Knowing that our plate on the right is at higher potential than our plate on the left, we know that when an electric field is set up between the plates, it will move parallel to them and it will go from right to left, higher potential to lower potential. And moreover, this field — even though it doesn’t quite look that way from our sketch — will be uniform in between the plates; it will have the same value everywhere.

It’s that field strength, which we can call 𝐸, that we want to solve for in this part. And to help us do it, we’re given some information about this point we’ve marked out with an 𝑥. First of all, we’re told that this point is 8.00 centimetres from the left plate, the one which is taken to be at zero volts. And second, we’re told that at this 𝑥 point, this location, the potential is 450 volts.

We can say then that we’re given the potential at this point; we’ll call it 𝑉 sub 𝑝. We’re also given the distance between this point and our zero potential point, the left plate. And we then want to solve for the electric field that exists between these parallel plates. Working with these three variables, there’s a mathematical relationship that ties them altogether.

When we have a uniform electric field in between two parallel conducting plates, then that field multiplied by the distance between the plates is equal to the potential across them. Working with our particular variables, we can say that 𝑉 sub 𝑝 is equal to 𝐸 times 𝑑. Well, remember it’s the electric field 𝐸 we want to solve for.

Dividing both sides by the distance 𝑑, we now have an equation that will let us do that. All that remains is to plug in 450 volts for 𝑉 sub 𝑝 and 8.00 centimetres for 𝑑 and then we can calculate 𝐸. When we’ve made these substitutions, before we calculate this fraction, there is one change we want to make and it has to do with the units of 𝑑.

Right now, 𝑑 is in units of centimetres, but the SI standard unit for length is metres. Recalling that 100 centimetres is equal to one metre, that lets us perform the conversion between these two length units. 8.00 centimetres is 0.08 metres. And when we calculate this fraction, we see that it’s 5.63 kilovolts per metre. This is a measure of just how much the potential changes for every metre of distance between our parallel plates.

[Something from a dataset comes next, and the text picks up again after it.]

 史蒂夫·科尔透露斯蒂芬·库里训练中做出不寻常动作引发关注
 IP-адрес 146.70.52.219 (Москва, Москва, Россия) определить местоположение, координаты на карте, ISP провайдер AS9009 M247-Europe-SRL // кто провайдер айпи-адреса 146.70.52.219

Now, let’s move on to part two, where, as we mentioned before, we want to solve for the voltage between the plates, in other words, the voltage of the right most plate relative to the left plate which is at zero volts. There are a couple of ways we could go about doing this.

One way is to take our 𝑉 sub 𝑝 value, well 450 volts, which remember applied at a point 8.00 centimetres from our zero volt standard, and multiply that by a ratio of distances. On top, we have the total distance between the plates and on bottom we have the distance from the zero-voltage plate to this point, where 𝑉 sub 𝑝 is measured. This method is perfectly good and will give us the result we’re looking for.

A second way we can solve for this voltage is to reapply our equation 𝑉 is equal to 𝐸 times 𝑑. Recall that in part one, we solved for that electric field strength in between the plates. So now, knowing that electric field, we can multiply it by the distance between the plates to solve for 𝑉.

Either one of these two methods will work and both will lead us to the voltage between the plates. If we do choose the second method, one thing we want to keep in mind is that we want to rewrite our distance between the plates in units of metres from its given units of centimetres.

Both of these methods lead to the same result and that is 563 volts. This is the voltage across the total distance from one plate to the other.